Pull every line that includes the word "Piece" out of the data below and copy it.

● **GIVEN DATA**

________________________

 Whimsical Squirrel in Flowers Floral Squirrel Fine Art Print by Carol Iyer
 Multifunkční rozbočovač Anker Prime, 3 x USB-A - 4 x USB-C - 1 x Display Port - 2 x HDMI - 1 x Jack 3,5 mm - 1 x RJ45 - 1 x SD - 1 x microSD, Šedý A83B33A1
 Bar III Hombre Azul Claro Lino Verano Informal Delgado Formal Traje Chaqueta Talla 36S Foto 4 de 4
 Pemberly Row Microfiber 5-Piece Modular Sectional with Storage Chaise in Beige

________________________

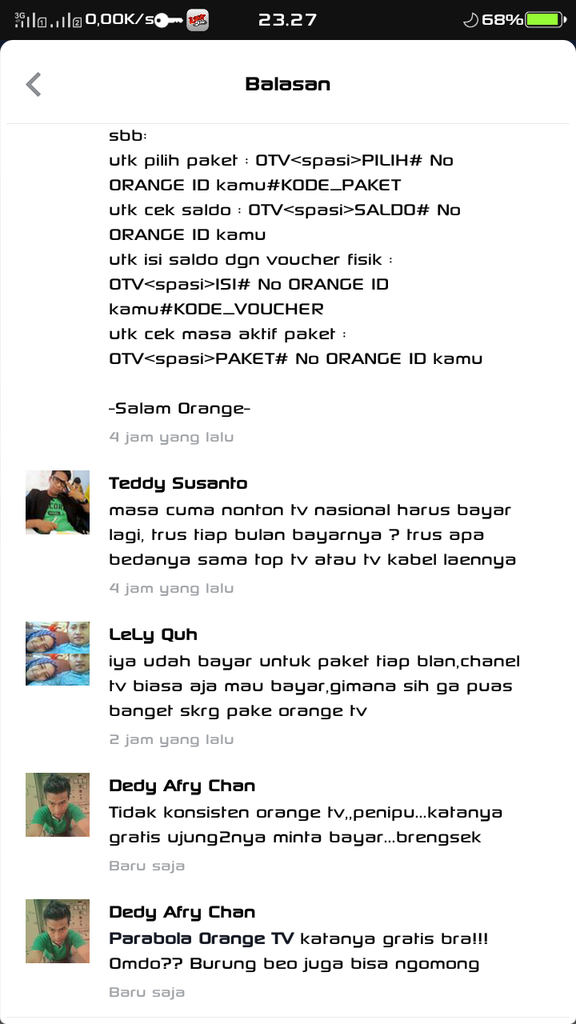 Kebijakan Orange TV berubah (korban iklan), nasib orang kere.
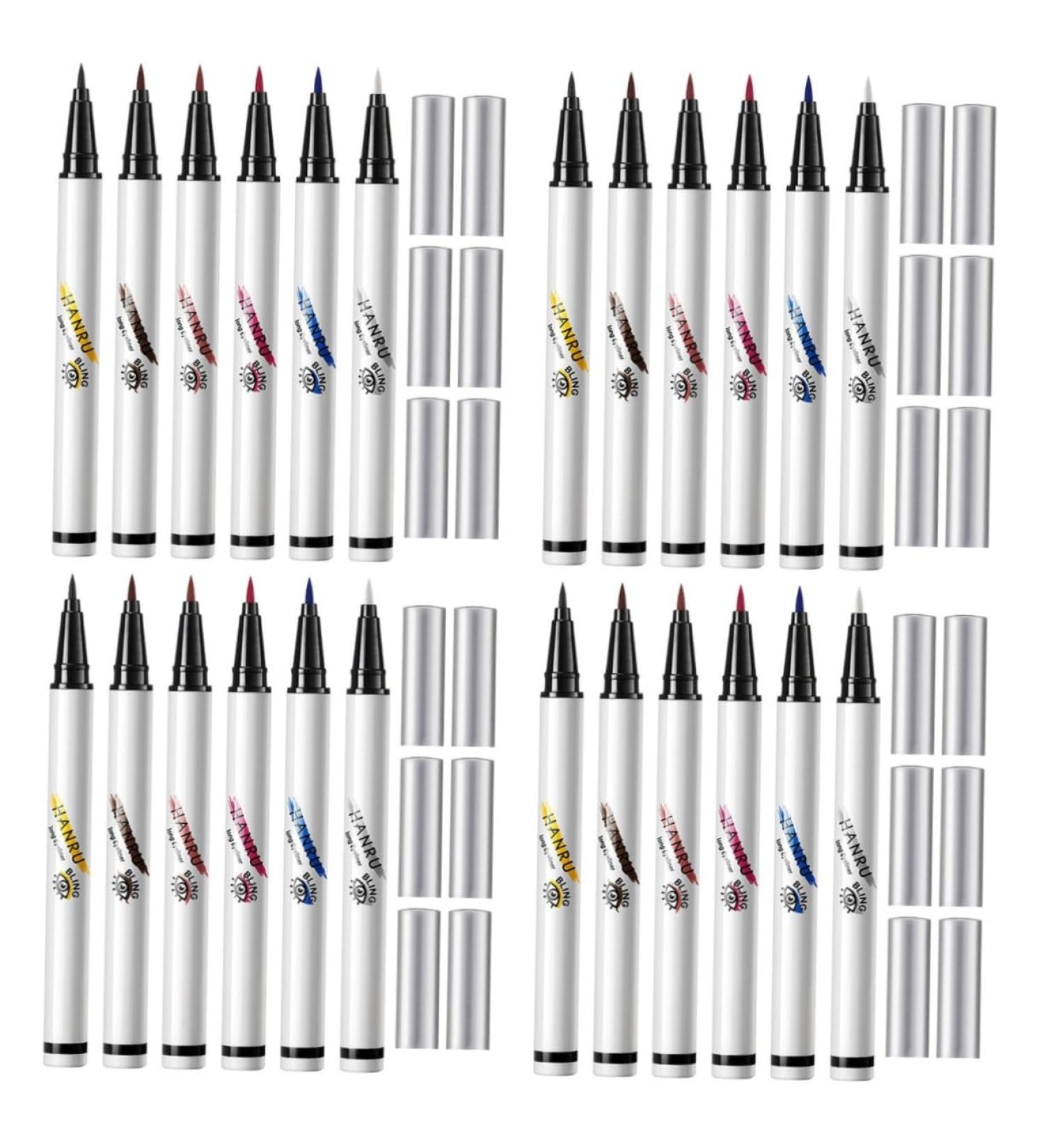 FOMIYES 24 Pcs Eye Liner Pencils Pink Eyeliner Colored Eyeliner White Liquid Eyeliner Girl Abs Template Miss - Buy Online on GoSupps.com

________________________

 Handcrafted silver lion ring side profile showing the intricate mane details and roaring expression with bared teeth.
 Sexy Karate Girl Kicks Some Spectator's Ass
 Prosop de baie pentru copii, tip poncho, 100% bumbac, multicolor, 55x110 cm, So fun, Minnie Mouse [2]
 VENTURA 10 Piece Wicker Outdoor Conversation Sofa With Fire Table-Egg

________________________

● **TASK SOLUTION**
 Pemberly Row Microfiber 5-Piece Modular Sectional with Storage Chaise in Beige
 VENTURA 10 Piece Wicker Outdoor Conversation Sofa With Fire Table-Egg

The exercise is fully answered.